Les Canadiens sont de plus en plus engagés
Selon un récent sondage, 87 % des répondants reconnaissent que la faim n'est pas seulement un problème des pays en développement, mais aussi au Canada. Plus de la moitié des Canadiens connaissent une personne ayant eu recours à une banque alimentaire. « Je pense que globalement, nous sommes mieux sensibilisés aux enjeux de la faim », déclare Mme Lowi-Young. Les statistiques le confirment : près de la moitié des Canadiens connaissent quelqu'un ayant visité une banque alimentaire, une hausse de 40 % par rapport à 2012.
Les banques alimentaires innovent et s'adaptent
Autrefois limitées à la distribution de denrées, les banques alimentaires ont élargi leurs services au cours de la dernière décennie.
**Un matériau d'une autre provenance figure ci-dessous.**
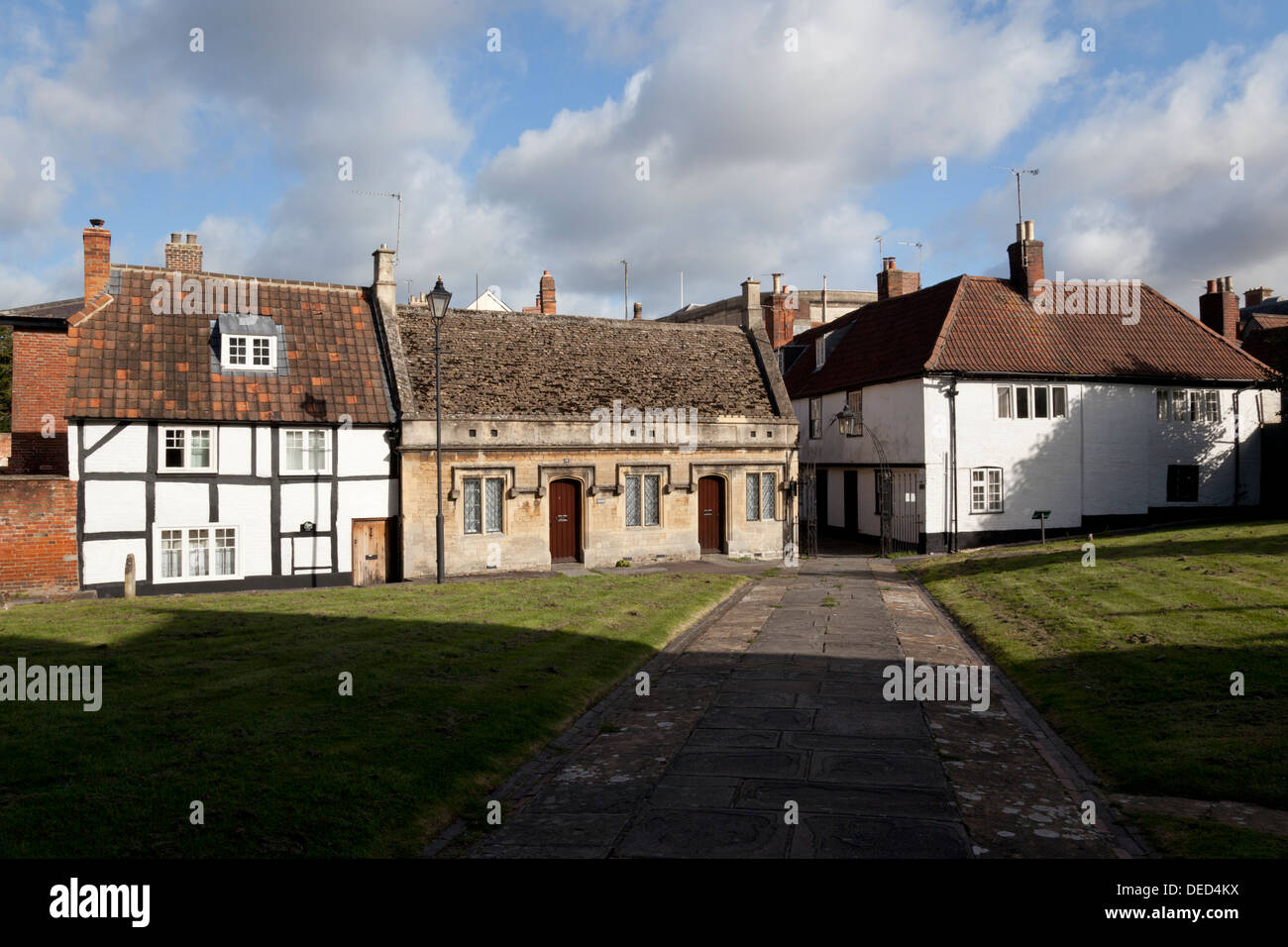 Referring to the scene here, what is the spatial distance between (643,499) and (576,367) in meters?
5.44

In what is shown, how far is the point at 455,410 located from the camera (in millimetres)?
27797

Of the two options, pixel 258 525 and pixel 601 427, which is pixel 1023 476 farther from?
pixel 258 525

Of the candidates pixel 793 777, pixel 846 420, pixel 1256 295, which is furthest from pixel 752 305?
pixel 1256 295

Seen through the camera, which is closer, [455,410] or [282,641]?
[282,641]

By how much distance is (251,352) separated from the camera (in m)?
26.9

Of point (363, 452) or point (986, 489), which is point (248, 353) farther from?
point (986, 489)

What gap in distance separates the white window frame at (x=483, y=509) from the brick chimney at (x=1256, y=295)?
58668mm

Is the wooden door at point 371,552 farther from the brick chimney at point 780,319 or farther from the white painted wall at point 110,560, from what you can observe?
the brick chimney at point 780,319

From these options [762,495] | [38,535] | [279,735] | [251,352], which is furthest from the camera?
[762,495]

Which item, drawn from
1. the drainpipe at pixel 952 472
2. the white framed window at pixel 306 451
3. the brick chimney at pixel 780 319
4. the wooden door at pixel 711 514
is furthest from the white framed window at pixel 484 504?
the brick chimney at pixel 780 319

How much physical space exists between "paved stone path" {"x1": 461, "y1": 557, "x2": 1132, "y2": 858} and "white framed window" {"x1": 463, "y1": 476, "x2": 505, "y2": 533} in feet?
45.3

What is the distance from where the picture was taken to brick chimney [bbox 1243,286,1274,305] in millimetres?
60781

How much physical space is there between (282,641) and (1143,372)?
33872mm

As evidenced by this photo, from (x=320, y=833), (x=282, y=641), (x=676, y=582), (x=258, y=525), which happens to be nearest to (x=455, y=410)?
(x=258, y=525) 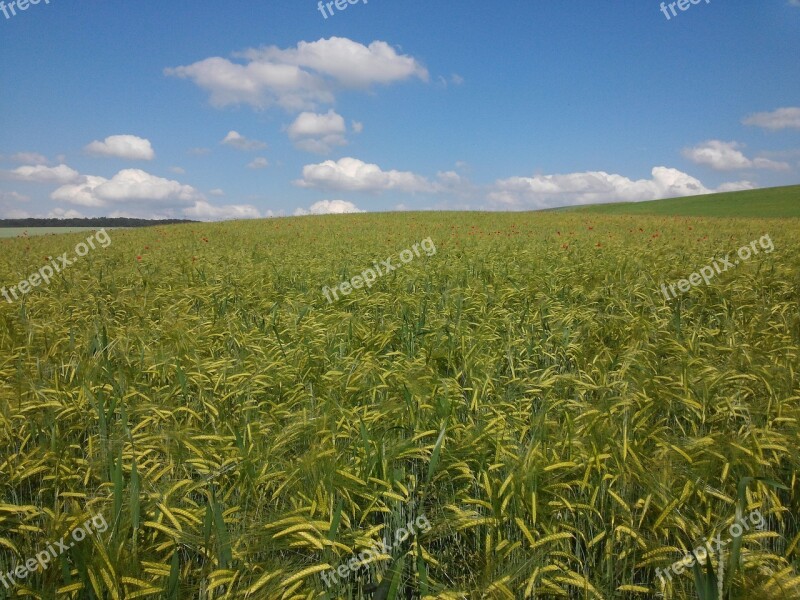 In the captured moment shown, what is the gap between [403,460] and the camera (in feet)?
8.12

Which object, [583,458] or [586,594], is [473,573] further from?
[583,458]

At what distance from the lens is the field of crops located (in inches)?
69.1

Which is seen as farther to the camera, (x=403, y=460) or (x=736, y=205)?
(x=736, y=205)

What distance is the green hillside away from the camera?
124 feet

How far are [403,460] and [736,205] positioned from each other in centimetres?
5313

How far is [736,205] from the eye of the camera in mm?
44062

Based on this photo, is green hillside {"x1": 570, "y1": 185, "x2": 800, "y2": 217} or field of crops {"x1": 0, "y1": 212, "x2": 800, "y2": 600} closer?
field of crops {"x1": 0, "y1": 212, "x2": 800, "y2": 600}

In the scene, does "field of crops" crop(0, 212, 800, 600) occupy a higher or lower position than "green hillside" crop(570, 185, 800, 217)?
lower

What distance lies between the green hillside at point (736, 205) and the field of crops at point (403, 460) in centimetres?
3875

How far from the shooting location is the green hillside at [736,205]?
37781 mm

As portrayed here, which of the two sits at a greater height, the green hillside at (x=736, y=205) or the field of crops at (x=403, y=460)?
the green hillside at (x=736, y=205)

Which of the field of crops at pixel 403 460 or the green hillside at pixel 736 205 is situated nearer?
the field of crops at pixel 403 460

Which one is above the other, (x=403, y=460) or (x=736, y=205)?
(x=736, y=205)

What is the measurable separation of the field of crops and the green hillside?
3875 cm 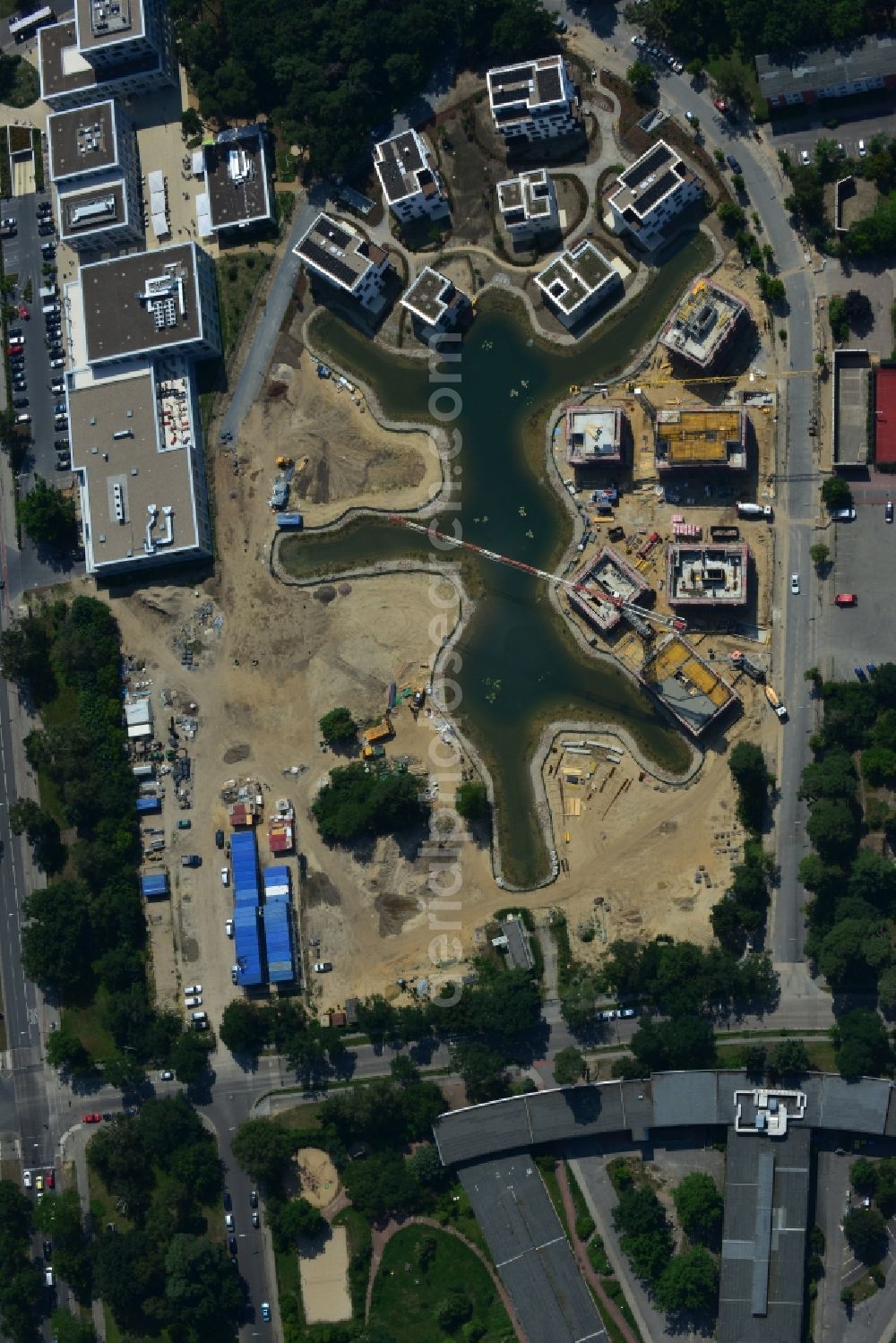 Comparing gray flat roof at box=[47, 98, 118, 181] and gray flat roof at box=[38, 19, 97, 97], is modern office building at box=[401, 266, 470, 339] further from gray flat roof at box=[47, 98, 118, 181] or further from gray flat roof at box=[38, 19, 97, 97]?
gray flat roof at box=[38, 19, 97, 97]

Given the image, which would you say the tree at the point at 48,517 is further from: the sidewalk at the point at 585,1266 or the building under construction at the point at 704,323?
the sidewalk at the point at 585,1266

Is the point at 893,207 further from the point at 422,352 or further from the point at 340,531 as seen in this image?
the point at 340,531

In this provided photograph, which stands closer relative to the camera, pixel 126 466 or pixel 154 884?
pixel 154 884

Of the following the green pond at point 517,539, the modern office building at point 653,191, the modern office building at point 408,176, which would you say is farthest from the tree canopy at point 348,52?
the green pond at point 517,539

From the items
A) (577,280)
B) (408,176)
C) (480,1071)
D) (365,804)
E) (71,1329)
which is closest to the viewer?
(480,1071)

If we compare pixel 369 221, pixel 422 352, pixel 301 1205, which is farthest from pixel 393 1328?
pixel 369 221

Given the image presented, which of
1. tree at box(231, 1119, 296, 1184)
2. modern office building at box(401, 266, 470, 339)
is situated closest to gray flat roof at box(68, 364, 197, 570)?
modern office building at box(401, 266, 470, 339)

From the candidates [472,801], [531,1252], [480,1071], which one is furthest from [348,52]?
[531,1252]

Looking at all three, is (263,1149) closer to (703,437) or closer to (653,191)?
(703,437) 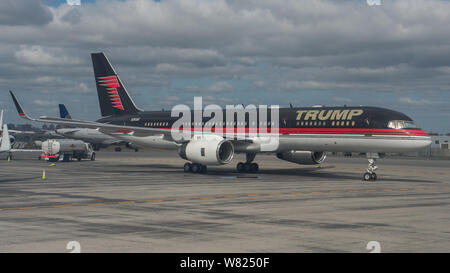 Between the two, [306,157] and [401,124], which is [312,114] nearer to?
[306,157]

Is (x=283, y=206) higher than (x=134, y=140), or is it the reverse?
(x=134, y=140)

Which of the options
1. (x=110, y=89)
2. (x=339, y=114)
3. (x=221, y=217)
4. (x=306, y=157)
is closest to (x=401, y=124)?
(x=339, y=114)

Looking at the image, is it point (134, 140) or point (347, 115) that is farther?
point (134, 140)

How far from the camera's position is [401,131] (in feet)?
112

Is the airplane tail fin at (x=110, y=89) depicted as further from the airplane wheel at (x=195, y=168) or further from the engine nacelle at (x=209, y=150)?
the engine nacelle at (x=209, y=150)

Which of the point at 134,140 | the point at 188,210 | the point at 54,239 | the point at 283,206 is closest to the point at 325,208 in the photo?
the point at 283,206

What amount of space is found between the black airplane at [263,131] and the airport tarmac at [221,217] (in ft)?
16.1

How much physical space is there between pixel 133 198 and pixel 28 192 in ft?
18.9

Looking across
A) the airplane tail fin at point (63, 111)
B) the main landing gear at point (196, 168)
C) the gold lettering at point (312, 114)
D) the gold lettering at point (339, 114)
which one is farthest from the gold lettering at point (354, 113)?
the airplane tail fin at point (63, 111)

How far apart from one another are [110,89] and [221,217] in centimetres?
3414

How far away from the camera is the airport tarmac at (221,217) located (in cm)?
1316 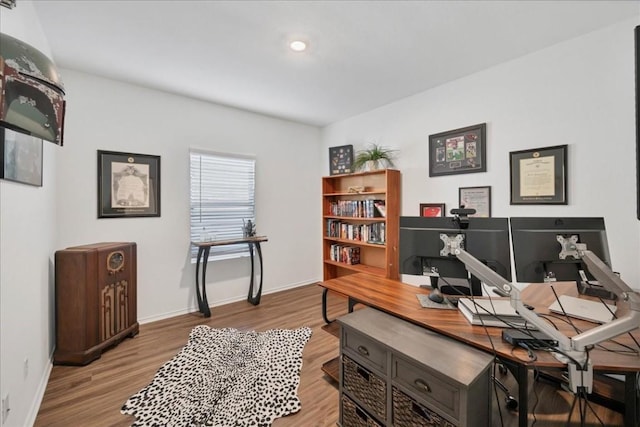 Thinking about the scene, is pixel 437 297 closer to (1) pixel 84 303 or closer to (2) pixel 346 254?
(2) pixel 346 254

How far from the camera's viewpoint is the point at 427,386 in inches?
46.7

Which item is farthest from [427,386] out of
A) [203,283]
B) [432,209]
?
[203,283]

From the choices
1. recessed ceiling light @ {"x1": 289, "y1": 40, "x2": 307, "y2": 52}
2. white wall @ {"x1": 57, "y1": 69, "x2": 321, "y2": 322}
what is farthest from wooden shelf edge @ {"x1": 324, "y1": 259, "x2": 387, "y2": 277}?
recessed ceiling light @ {"x1": 289, "y1": 40, "x2": 307, "y2": 52}

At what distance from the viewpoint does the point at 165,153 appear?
3.16 metres

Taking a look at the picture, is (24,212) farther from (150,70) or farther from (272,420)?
(272,420)

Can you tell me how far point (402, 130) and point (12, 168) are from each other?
11.4ft

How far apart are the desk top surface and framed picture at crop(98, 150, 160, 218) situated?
7.74 ft

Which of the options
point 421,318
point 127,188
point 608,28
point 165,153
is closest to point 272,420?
point 421,318

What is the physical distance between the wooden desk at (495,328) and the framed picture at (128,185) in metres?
2.37

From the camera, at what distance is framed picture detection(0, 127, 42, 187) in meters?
1.32

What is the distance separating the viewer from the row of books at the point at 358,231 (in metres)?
3.49

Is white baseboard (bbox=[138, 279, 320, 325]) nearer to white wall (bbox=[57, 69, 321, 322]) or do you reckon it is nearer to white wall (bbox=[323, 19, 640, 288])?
white wall (bbox=[57, 69, 321, 322])

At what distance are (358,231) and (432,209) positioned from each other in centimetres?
109

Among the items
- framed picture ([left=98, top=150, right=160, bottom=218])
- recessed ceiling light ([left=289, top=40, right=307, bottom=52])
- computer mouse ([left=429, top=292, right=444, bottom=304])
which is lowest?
computer mouse ([left=429, top=292, right=444, bottom=304]) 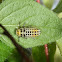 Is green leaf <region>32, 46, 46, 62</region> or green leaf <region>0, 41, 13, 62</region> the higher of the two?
green leaf <region>0, 41, 13, 62</region>

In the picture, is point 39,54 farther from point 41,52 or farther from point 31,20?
point 31,20

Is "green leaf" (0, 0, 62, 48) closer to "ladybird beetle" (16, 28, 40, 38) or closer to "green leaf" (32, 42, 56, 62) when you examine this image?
"ladybird beetle" (16, 28, 40, 38)

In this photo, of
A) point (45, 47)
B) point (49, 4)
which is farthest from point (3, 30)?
point (49, 4)

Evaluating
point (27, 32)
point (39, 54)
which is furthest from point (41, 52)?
point (27, 32)

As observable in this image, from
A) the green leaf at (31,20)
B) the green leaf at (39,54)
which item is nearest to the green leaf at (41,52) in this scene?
the green leaf at (39,54)

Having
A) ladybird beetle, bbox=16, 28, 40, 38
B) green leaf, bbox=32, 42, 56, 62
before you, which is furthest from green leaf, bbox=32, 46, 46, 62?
ladybird beetle, bbox=16, 28, 40, 38

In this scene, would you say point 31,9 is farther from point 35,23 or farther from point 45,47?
point 45,47
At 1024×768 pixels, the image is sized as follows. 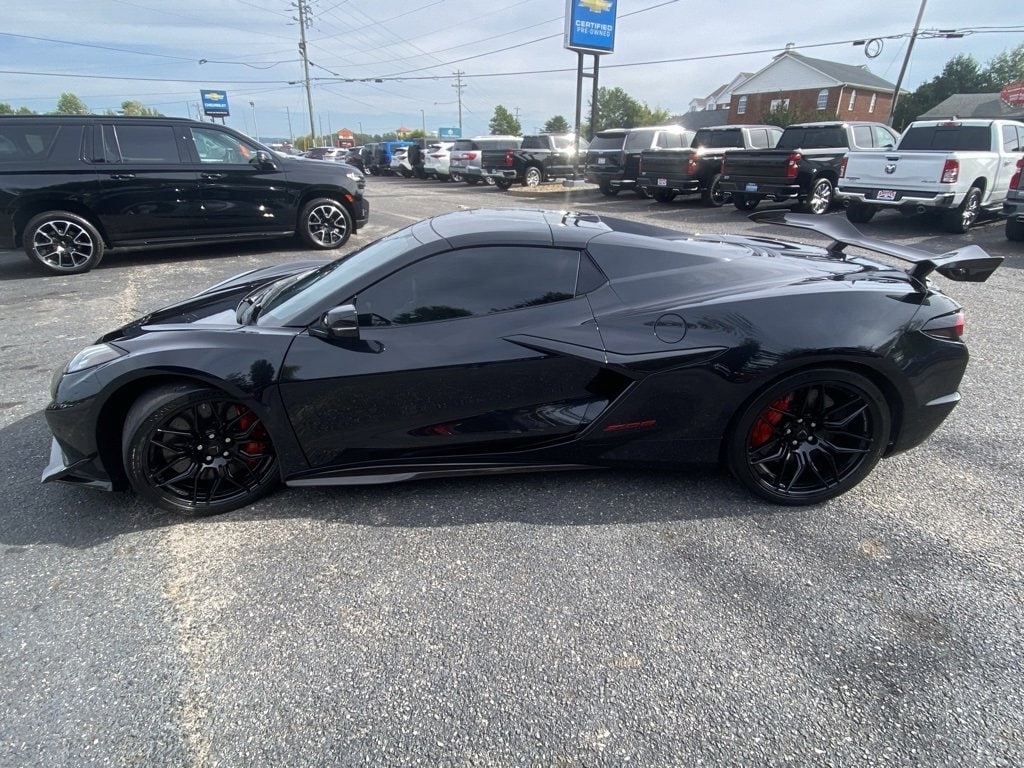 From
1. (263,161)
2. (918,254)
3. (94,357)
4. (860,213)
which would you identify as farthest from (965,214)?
(94,357)

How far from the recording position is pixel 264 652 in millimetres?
2047

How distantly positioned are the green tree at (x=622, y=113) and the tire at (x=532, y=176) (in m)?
64.5

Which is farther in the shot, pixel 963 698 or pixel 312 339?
pixel 312 339

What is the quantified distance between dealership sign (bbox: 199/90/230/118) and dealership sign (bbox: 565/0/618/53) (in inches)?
1664

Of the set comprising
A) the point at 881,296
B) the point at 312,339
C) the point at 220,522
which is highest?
the point at 881,296

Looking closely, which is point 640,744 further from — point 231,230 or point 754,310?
point 231,230

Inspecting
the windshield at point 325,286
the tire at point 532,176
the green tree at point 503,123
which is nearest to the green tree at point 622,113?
the green tree at point 503,123

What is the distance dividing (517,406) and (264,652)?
136cm

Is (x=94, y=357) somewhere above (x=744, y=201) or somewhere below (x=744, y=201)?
above

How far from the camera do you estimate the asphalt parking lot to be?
68.6 inches

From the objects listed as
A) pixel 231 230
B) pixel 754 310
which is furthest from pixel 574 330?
pixel 231 230

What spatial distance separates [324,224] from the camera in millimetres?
9039

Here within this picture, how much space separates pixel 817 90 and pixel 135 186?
177 ft

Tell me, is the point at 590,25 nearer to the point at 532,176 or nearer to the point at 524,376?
the point at 532,176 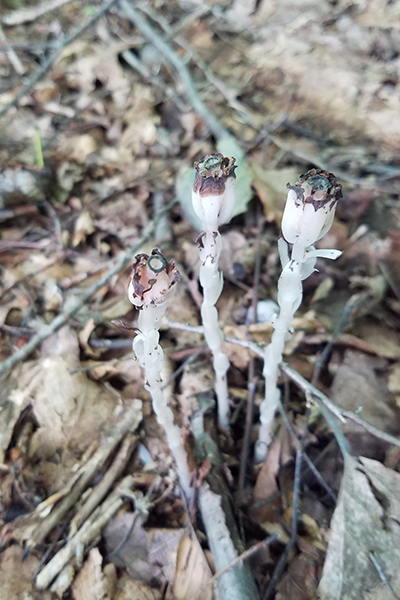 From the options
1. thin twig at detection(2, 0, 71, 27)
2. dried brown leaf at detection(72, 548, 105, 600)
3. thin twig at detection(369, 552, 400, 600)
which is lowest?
dried brown leaf at detection(72, 548, 105, 600)

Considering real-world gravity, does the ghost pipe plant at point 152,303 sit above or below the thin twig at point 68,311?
above

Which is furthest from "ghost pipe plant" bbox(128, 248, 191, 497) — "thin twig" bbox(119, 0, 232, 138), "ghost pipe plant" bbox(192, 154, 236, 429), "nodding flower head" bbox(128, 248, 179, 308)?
"thin twig" bbox(119, 0, 232, 138)

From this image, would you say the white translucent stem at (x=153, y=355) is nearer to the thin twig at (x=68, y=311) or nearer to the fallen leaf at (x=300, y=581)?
the fallen leaf at (x=300, y=581)

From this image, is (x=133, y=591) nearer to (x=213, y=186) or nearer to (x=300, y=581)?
(x=300, y=581)

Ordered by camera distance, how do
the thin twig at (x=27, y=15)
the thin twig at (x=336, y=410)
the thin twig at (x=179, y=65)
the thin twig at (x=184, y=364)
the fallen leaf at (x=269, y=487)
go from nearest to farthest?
the thin twig at (x=336, y=410) → the fallen leaf at (x=269, y=487) → the thin twig at (x=184, y=364) → the thin twig at (x=179, y=65) → the thin twig at (x=27, y=15)

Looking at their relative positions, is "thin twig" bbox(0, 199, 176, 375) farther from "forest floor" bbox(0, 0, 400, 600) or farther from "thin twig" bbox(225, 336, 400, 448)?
"thin twig" bbox(225, 336, 400, 448)

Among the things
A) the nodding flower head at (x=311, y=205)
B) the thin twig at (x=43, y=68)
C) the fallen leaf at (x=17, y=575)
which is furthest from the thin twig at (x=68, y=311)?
the thin twig at (x=43, y=68)

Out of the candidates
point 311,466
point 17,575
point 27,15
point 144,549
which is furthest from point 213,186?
point 27,15

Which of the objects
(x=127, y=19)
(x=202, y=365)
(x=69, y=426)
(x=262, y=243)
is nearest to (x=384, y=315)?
(x=262, y=243) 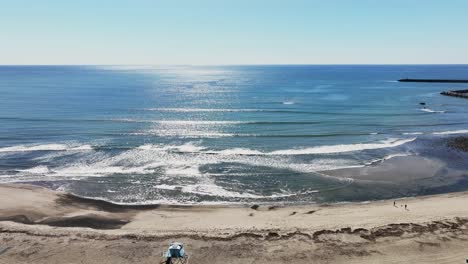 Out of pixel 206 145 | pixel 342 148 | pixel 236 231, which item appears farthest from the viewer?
pixel 206 145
Elles intègrent désormais une plus grande variété d'aliments, dont des produits frais, et proposent des ateliers de cuisine de base. « C'est une reconnaissance des efforts constants des banques alimentaires à travers le pays », souligne Mme Lowi-Young. « Elles ne se contentent pas de fournir des repas nutritifs : elles enseignent les bases culinaires, collaborent avec des organismes communautaires et offrent des programmes d'éducation nutritionnelle pour les enfants. »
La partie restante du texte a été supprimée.